SEOUL (AFP) — A Japanese centre which says it has trained a dog to sniff out human cancer cells is cloning the animal in South Korea, a Seoul bio-technology company and the dog's owner said Wednesday.
Cloned foetuses from the black labrador retriever named Marine were last month implanted into a surrogate mother dog, said Ra Jeong-Chan, president of RNL Bio.
"We are going to see the clones around the end of this month," Ra told AFP.
Marine, who is six and half years old, lost her ability to reproduce when she had her womb removed because of disease.
She is owned by Yuji Satoh, a head trainer at St. Sugar Cancer Sniffing Dog Training Centre located at Shirahama in Chiba prefecture.
Satoh told AFP in Japan that experts from Seoul National University, which created the world's first cloned dog in 2005, had taken some skin samples from Marine and brought them back to South Korea for the project.
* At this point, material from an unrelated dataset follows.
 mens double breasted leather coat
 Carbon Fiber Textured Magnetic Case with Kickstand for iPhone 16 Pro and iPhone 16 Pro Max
"We are making clones of Marine. She is touted as having a world top cancer-sniffing ability. By making her clones, we want to promote studies into cancer-sniffing dogs," Satoh said.
"It's the world's first cloning of a cancer-sniffing dog."
He and the Korean firm, which is coordinating the project, have agreed to produce two clones and train them at Satoh's centre.
One will then be brought back to South Korea for study at the university and the other will stay at the centre.
If the project for two pups succeeds, they plan to produce more.
"We want to make more clones of Marine for worldwide distribution" for studies into canine detection of cancer, Satoh said.
Researchers in several countries are investigating whether dogs have the ability to detect lung, breast, prostate and skin cancer at an early and treatable stage.
They believe cancer cells create a scent not present in healthy cells, which can theoretically be picked up by dogs in breath or urine samples.
RNL Bio's last such project was an order for the world's first commercial cloning of a pet dog -- a request from a US woman to re-create her beloved former pitbull.
The firm said in February it planned to charge 150,000 dollars to clone the pitbull for the California woman, using tissue from her dead pet named Booger.
A Seoul National University team created the world's first cloned dog in 2005, an Afghan hound named Snuppy.
Team leader Lee Byeong-Chun told AFP last week that Snuppy was expected to become a father this month following the first breeding of cloned canines.
Lee's team also produced seven clones of drug-sniffing dogs last year at the request of the Korea Customs Service. They are said to be easier to train than ordinary canines.